• Try it: Scan the entries below and extract each line with the word "Small" in it.

• Scraped caption text data:
○ ○ ○
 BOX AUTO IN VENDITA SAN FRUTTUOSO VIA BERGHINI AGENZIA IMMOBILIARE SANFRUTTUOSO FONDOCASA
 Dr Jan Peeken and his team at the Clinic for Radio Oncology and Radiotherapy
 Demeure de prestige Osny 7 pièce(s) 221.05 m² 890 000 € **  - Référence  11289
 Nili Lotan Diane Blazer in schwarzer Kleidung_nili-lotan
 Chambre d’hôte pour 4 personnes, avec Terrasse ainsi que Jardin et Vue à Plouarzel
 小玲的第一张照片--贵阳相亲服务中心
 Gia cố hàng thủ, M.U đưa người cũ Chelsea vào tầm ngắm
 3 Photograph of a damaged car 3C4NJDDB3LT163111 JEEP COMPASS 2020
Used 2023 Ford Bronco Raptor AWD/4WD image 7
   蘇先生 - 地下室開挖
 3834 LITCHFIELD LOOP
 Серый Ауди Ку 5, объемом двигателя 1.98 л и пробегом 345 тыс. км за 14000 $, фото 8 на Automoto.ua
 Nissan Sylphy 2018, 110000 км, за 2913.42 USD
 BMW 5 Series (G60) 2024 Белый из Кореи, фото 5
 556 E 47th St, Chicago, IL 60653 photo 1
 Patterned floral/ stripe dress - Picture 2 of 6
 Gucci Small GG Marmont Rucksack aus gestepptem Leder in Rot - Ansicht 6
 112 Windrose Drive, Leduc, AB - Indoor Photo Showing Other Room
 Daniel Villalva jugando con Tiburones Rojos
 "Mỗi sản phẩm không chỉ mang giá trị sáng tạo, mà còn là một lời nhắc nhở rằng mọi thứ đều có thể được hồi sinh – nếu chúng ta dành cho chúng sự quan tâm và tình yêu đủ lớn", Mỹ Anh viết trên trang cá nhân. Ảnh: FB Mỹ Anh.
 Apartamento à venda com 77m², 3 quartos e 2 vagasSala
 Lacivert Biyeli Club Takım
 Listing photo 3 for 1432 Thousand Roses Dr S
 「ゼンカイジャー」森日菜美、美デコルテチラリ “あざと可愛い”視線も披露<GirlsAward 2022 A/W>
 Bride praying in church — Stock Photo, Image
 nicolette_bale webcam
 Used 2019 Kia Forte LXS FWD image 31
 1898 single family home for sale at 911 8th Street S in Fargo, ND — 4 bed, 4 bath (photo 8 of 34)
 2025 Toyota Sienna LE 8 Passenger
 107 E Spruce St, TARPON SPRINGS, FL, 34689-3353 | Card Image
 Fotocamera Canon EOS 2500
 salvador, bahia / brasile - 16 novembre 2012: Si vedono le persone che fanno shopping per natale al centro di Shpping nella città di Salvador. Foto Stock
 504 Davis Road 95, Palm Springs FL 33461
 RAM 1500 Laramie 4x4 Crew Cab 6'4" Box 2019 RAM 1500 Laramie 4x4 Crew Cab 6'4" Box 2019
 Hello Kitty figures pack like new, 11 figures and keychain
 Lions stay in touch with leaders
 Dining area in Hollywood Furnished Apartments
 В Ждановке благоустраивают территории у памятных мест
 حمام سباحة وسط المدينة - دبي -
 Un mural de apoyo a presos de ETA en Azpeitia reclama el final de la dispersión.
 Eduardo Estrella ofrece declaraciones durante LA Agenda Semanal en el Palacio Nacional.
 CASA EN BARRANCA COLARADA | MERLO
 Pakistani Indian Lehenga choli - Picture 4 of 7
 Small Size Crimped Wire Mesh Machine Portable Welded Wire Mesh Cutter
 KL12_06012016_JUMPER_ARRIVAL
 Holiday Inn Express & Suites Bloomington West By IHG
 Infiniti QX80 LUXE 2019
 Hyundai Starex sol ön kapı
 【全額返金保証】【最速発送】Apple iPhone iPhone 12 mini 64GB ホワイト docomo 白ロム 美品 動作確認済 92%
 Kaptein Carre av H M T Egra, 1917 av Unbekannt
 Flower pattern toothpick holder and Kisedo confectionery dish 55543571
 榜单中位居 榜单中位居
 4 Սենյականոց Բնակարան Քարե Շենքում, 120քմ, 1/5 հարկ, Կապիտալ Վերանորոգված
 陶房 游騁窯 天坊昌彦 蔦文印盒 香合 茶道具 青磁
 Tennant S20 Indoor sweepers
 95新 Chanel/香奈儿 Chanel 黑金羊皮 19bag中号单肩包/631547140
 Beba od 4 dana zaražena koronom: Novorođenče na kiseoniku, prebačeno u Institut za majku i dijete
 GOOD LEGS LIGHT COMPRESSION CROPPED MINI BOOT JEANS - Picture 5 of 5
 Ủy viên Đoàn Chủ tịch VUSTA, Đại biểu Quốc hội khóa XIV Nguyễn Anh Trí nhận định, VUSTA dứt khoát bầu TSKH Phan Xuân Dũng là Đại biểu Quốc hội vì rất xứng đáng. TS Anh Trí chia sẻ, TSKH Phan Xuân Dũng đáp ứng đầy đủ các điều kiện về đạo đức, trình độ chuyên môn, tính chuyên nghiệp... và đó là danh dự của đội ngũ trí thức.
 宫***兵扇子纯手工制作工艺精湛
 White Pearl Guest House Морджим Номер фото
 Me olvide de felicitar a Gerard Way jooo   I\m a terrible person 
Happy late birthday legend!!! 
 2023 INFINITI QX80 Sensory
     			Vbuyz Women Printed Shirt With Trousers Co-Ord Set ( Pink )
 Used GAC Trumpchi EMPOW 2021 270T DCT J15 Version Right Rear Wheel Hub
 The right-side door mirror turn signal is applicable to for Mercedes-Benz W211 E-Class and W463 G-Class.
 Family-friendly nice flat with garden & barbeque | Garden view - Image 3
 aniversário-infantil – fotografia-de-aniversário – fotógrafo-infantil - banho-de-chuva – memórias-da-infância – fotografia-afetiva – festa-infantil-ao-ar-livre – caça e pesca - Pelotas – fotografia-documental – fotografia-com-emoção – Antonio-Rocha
○ ○ ○
• Exercise answer:
 Gucci Small GG Marmont Rucksack aus gestepptem Leder in Rot - Ansicht 6
 Small Size Crimped Wire Mesh Machine Portable Welded Wire Mesh Cutter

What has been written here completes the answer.